Data extracted from a collection:
%%

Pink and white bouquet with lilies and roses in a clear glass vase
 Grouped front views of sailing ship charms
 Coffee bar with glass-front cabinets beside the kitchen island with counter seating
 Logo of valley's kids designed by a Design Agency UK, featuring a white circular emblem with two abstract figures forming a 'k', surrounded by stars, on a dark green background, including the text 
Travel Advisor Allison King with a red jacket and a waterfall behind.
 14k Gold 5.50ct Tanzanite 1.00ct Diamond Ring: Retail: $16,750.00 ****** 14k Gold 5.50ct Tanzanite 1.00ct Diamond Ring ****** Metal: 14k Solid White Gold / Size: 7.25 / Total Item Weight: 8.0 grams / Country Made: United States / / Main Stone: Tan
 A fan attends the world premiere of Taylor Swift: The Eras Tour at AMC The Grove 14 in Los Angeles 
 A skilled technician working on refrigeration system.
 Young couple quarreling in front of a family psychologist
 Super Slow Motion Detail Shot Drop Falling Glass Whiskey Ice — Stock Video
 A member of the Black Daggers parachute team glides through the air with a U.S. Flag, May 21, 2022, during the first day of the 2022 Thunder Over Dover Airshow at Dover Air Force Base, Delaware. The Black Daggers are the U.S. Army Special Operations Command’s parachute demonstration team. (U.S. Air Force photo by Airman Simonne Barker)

%%

§ **Prompt**: The word "front" may occur in lines of the records. Report how many such lines there are, giving only the number.

§ **Answer section**: 3